The mother stood behind, tearless, with a glitter in her eyes which was almost fierce. Miss Susan did not venture to do more than give her one hurried glance, to which she replied with a gleam of fury, clasping her hands together. Was it fury? Miss Susan thought so, and shrank for a moment, not quite able to understand the feelings of the other woman who had not clearly understood her, yet who now seemed to address to her a look of wild reproach.

“And my poor wife,” went on the old shopkeeper, “for her it will be an even still more happy—Tu es contente, bien contente, n’est-ce pas?”

“Oui, mon ami,” said the woman, turning her back to him, with once more a glance from which Miss Susan shrank.

“Ah, madame, excuse her; she cannot speak; it is a joy too much,” he cried, drying his old eyes.

Miss Susan felt herself constrained and drawn on by the excitement of the moment, and urged by the silence of the other woman, who was as much involved as she.

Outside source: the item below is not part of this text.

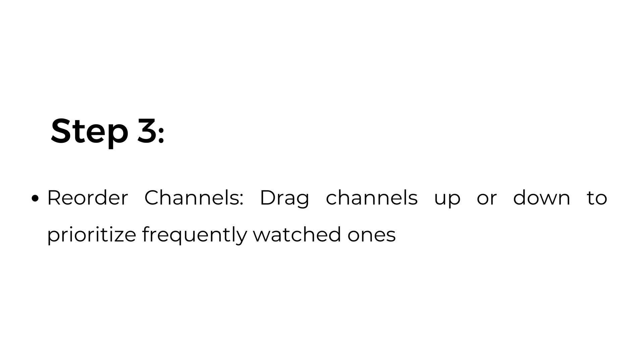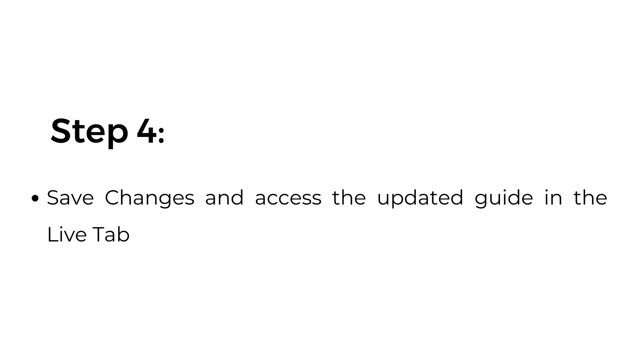Step number three, reorder channels. Drag channels up or down to prioritize frequently watched ones. Step number four, save changes and access the updated guide in the live tab.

“My poor boy will have a sadder lot even than yours,” she said; “he is dying too young even to hope for any of the joys of life. There is neither wife nor child possible for Herbert.” The tears rushed to her eyes as she spoke. Heaven help her! she had availed herself, as it were, of nature and affection to help her to commit her sin with more ease and apparent security. She had taken advantage of poor Herbert in order to wake those tears which gave her credit in the eyes of the unsuspecting stranger. In the midst of her excitement and feverish sense of life, a sudden chill struck at her heart. Had she come to this debasement so soon? Was it possible that in such an emergency she had made capital and stock-in-trade of her dying boy? This reflection was not put into words, but flashed through her with one of those poignant instantaneous cuts and thrusts which men and women are subject to, invisibly to all the world. M. Austin, forgetting his respect in sympathy, held out his hand to her to press hers with a profound and tender feeling which went to Miss Susan’s heart; but she had the courage to return the pressure before she dropped his bond hastily (he thought in English pride and reserve), and, making a visible effort to suppress her emotion, continued, “After this discovery, I suppose your bargain with Mr. Farrel-Austin, who took such an advantage of you, is at an end at once?”

“Speak French,” said Madame Austin, with gloom on her countenance; “I do not understand your English.”

“Mon amie, you are a little abrupt. Forgive her, madame; it is the excitation—the joy. In women the nerves are so much allied with the sentiments,” said the old shopkeeper, feeling himself, like all men, qualified to generalize on this subject. Then he added with dignity, “I promised only for myself. My old companion and me—we felt no desire to be more rich, to enter upon another life; but at present it is different. If there comes an inheritor,” he added, with a gleam of light over his face, “who shall be born to this wealth, who can be educated for it, who will be happy in it, and great and prosperous—ah, madame, permit that I thank you again! Yes, it is you who have revealed the goodness of God to me. I should not have been so happy to-day but for you.”

Miss Susan interrupted him almost abruptly. The sombre shadow on Madame Austin’s countenance began to affect her in spite of herself. “Will you write to him,” she said, “or would you wish me to explain for you? I shall see him on my return.”

“Still English,” said Madame Austin, “when I say that I do not understand it! I wish to understand what is said.”